Click to See Complete Forum and Search --> : Comparing files across directories


jon rouse
02-13-2004, 10:24 AM
I had to back up a couple of machines in a hurry, and have got myself in a bit of a mess. I (probably) have the same (dozens of) files at several places on the disk.

Is there a bit of software that will throw up all instances of a file name anywhere on my hard disk and allow me to compare file sizes and dates?

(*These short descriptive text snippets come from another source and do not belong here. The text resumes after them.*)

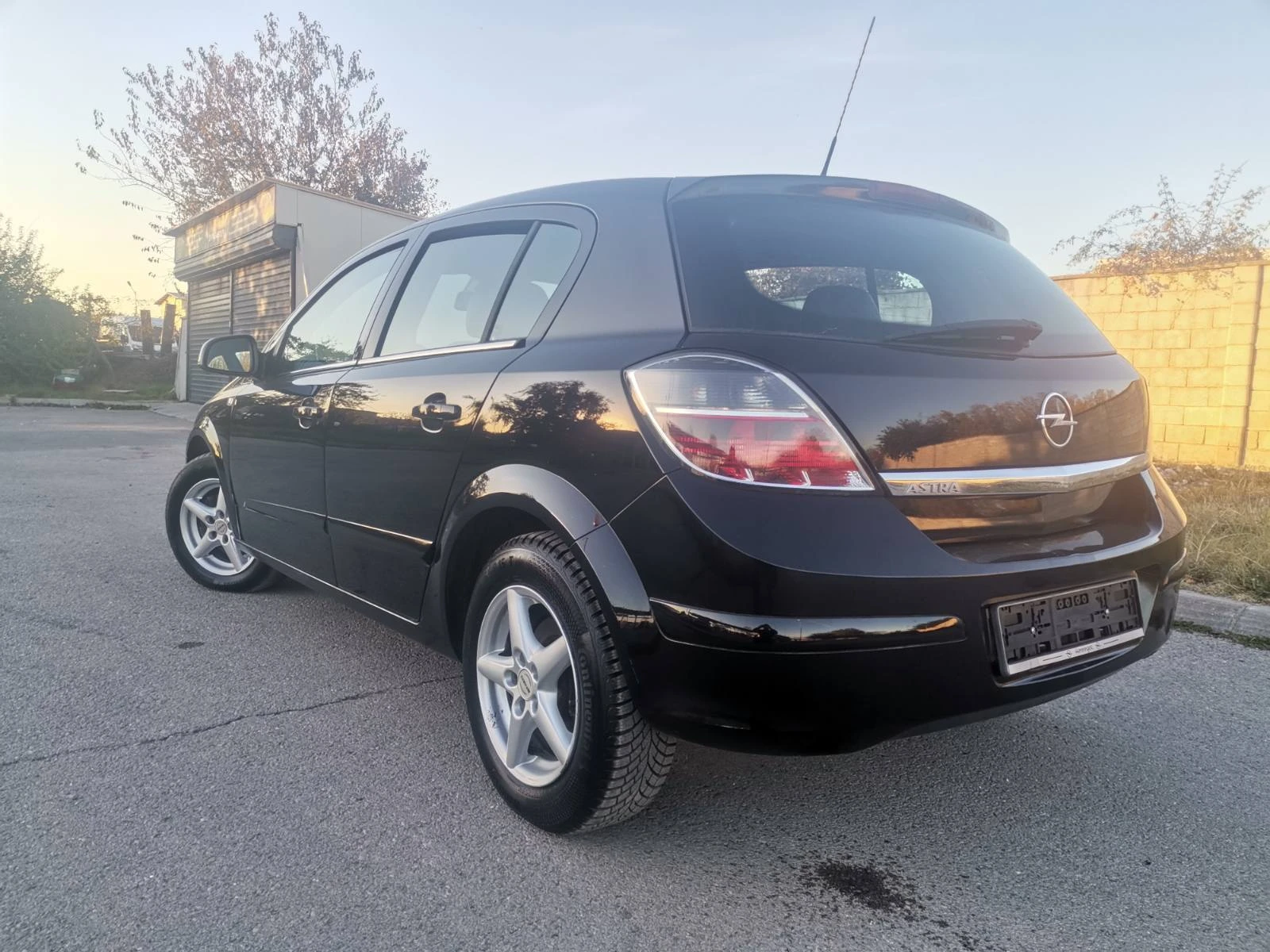 Opel Astra FACE/1.6i/ПЕРФЕКТЕН - изображение 6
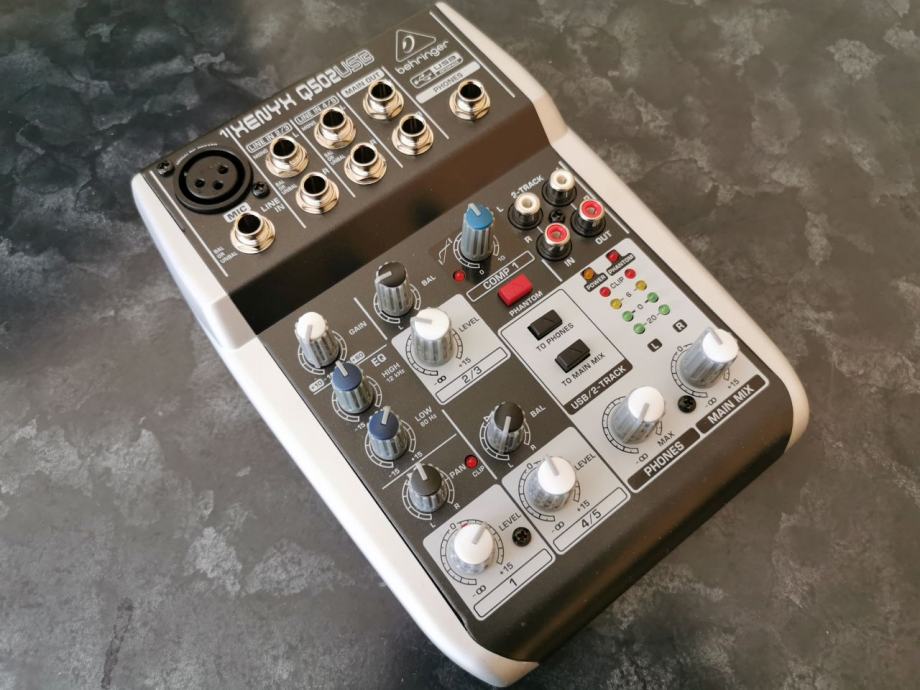 Behringer Xenyx Q502USB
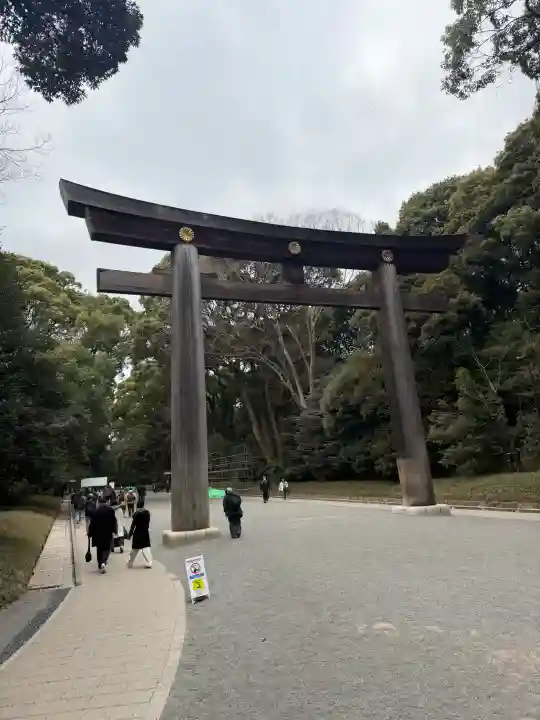 明治神宮の{uncategorized: "未分類", other: "その他", undefined: "問題あり", building: "その他建物", grave: "お墓", sacred_gate: "鳥居", guardian: "狛犬", statue: "像", buddha: "仏像", history: "歴史", nature: "自然", garden: "庭園", animal: "動物", pagoda: "塔", temizu: "手水舎", mountain_gate: "山門・神門", sanctuary: "本殿・本堂", subordinate: "末社・摂社", art: "芸術", scenery: "景色", jizo: "地蔵", ema: "絵馬", goshuin: "御朱印", omikuji: "おみくじ", items: "授与品その他", amulet: "お守り", goshuincho: "御朱印帳", eats: "食事", festival: "お祭り", votive_dance: "神楽", shichigosan: "七五三参", wedding: "結婚式", experience: "体験その他", initially: "初詣", around: "周辺", anti_infection: "感染症対策"}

Even better if it let me examine the file content of each.

There used to be a Norton Utility on DOS that did this, is there anything similar in Linux?

I could use file manager and search, but there are an awful lot of files.

If I am able to see that files are the same size and date, I could happily delete the duplicates.

ph34r
02-13-2004, 11:27 AM
for i in `find / -iname filename`
do
dir -lh $i >> file_log
done

Then look thru file_log to see the size, date, time, etc.

cwjolly
02-13-2004, 01:03 PM
Cut and past this small tcl script that I use to compare two different directories it will will do the comparisons for you using checksums so file timestamps are not a factor in the comparisons. It also lists files that are in one directory but not another, which have not changed and which files have changed if a file exists in both directories. It will recurse both directories. Ensure the path to tclsh is correct and that you have the cksum and find on your PATH. Oops I see you can attach files so the content below is also in attached file. save to diffdir.tcl then chmod 777 diffdir.tcl to make executable.
#!/usr/bin/tclsh

proc checksum { filename } {
set retval -1
if { [ catch { open "| cksum $filename" "r" } fd ] != 0 } {
puts stderr "Unable to cksum $filename: $fd "
} else {
gets $fd line;
catch { close $fd }
set retval [lindex [split $line " " ] 0 ]
}
return $retval;
}
# returns 0 on failure 1 on success
proc getFiles { dir filearray } {
upvar $filearray f
set retval 1
set curdir [pwd]
cd $dir
if { [catch { open "|find ./ -type f " "r" } g ] != 0 } {
puts stderr "getFiles: find had error : $g "
set retval 0
} else {
set buff [ read $g ]
catch { close $g }
foreach filename [split $buff "\n" ] {
if { [string length $filename ] == 0 } { continue }
set f($filename) [ checksum $filename ]
}
}
cd $curdir;
return $retval;
}

proc Usage {} {
global argv0
puts stdout " Format: $argv0 dir1 dir2"
puts stdout " Synopsis: Recursively finds the difference between files between two directories. "
puts stdout " "
puts stdout " First character of line Meaning"
puts stdout " ----------------------- ---------"
puts stdout " < file only in directory 1"
puts stdout " > file only in directory 2"
puts stdout " = file unchanged in both directories"
puts stdout " ! file is different between directory 1 and 2 "
puts stdout " "
puts stdout " "
}


if { $argc != 2 } {
Usage
exit 127
}

set dir1 [ lindex $argv 0 ]
set dir2 [ lindex $argv 1 ]

getFiles $dir1 farray
getFiles $dir2 farray2

foreach fname [ array names farray ] {
if { ![ info exists farray2($fname) ] } {
lappend notInDir2 $fname
} else {
lappend inDir2 $fname
}
}
foreach fname $inDir2 {
if { $farray($fname) != $farray2($fname) } {
lappend inDir2Changed $fname
}
}
# output
foreach fname $inDir2Changed {
puts stdout "! $fname"
}
foreach fname $inDir2 {
if { [lsearch $inDir2Changed $fname ] != -1 } { continue }
puts stdout "= $fname"
}
foreach fname $notInDir2 {
puts stdout "< $fname"
}
foreach fname [ array names farray2 ] {
if { ![ info exists farray($fname) ] } {
puts stdout "> $fname "
}
}

jon rouse
02-23-2004, 05:55 AM
Thanks, I'll give that a whirl.